由于无能的我还没办法找到工,每天吃喝玩乐,虽然生活还可以过,怎样都好,现在只有 sole income, 暗地里应该给大少爷少少压力,少少负担。 往往给家用,都会说,省点用,不要整天淘宝,逛街。有时看到我纳闷,会问,是我连累了你吗?他也会问,你想不想回去呢?半年了,我还是没早落, 现在情况还不乐观,大少爷也开始说,不然两年后我们回去了,你都没有找到工作。

或许应该是在这里累坏了吧,或许看我有时真的 kin boh tit,应该觉得对不起我。在还没来之前,兴致勃勃希望可以在这里发展,有机会还会待几年。那我何尝也不是连累了他吗?

Monday 8 June 2009

少见多怪

某天,我在家乐福购物时,发现了酱大的红萝卜,白萝卜酱大我看过,红萝卜就没有。真的好大啊!

Sunday 7 June 2009

A Great Company for a week

My second younger sista - Yee Ming was here with me for a week. Initial plan, my parents and the youngest sista would be flying in 4 days after her to visit me in Shanghai. However due to my dad's operation and H1N1, they canceled their trip. Since Yee Ming was flying from Singapore, thus she stayed tune with her trip.

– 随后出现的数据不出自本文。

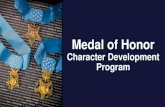 Medal of Honor - American Battlefield Trust · Medal of Honor Character Development Program About the Medal of Honor •Signed into law in 1861 by President Lincoln •3506 total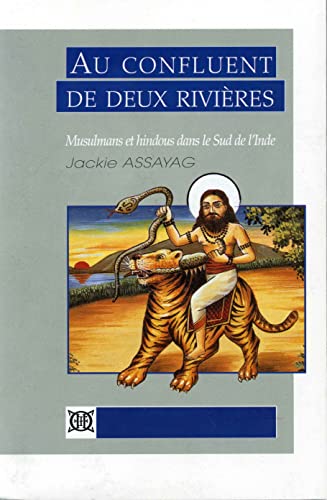 Stock image for Au confluent de deux rivires: Musulmans et hindous dans le Sud de l'Inde for sale by Gallix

Therefore, I got a free Ahyi for a week. Muakakaka. She helped me to carry stuff when did grocery shopping, she cooked for me, she hanged the laundry for me. This is what you call "Tai Kar Che". Muakaka, of coz I did bring her out and her good 大姐夫 also gave her some allowances to shopping. Among three sistas, she is the closest to me, in terms of talking topics and preferences in things. Now she was back and I am alone again. :~(

There are some pictures to share.
*whisper* people said we don't look like 8 years age gap difference :D

Saturday 6 June 2009

思想简单

有时候看了友人们的博客,很羡慕他们能把情绪思想表达在文字上。

我不会深入思量,了解我的情绪。
吃到好吃的食物,我不会怎样去形容它有多美味.
看到美丽的风景,我也不会怎样去表达。
感觉到伤感或感触,除了流泪也不会七情六欲的一字一字表达或做情绪思考。

是我思想简单,还是我头脑无法思考。
有时候想,应该是我的文法,词汇不好。
有时候想,应该也是我的表达能力很差。
总而言之, 我就是不会。
渐渐的,发现自己很渺茫,很笨,很笨的活在这社会上。

Friday 5 June 2009

绑手绑脚

三个星期前,中国又决定 block 了 blogspot。无所事事的我,读博客,写博客已是我每天的工作,真的是晴天霹雳。还好,贵人 - 晓慧相助,让我重见天日。
这三个星期,上网好像被绑手绑脚,除了 facebook 和 e-mail, 哪里也不能去,非常懊恼!!
原来人失去自由,是非常痛苦。 原来人做错事,囚禁应该是最好的处罚。

Thursday 4 June 2009

我回来啦!!!!

我回来啦 !!!!

I am BACK !!!!!!!!!!!!!!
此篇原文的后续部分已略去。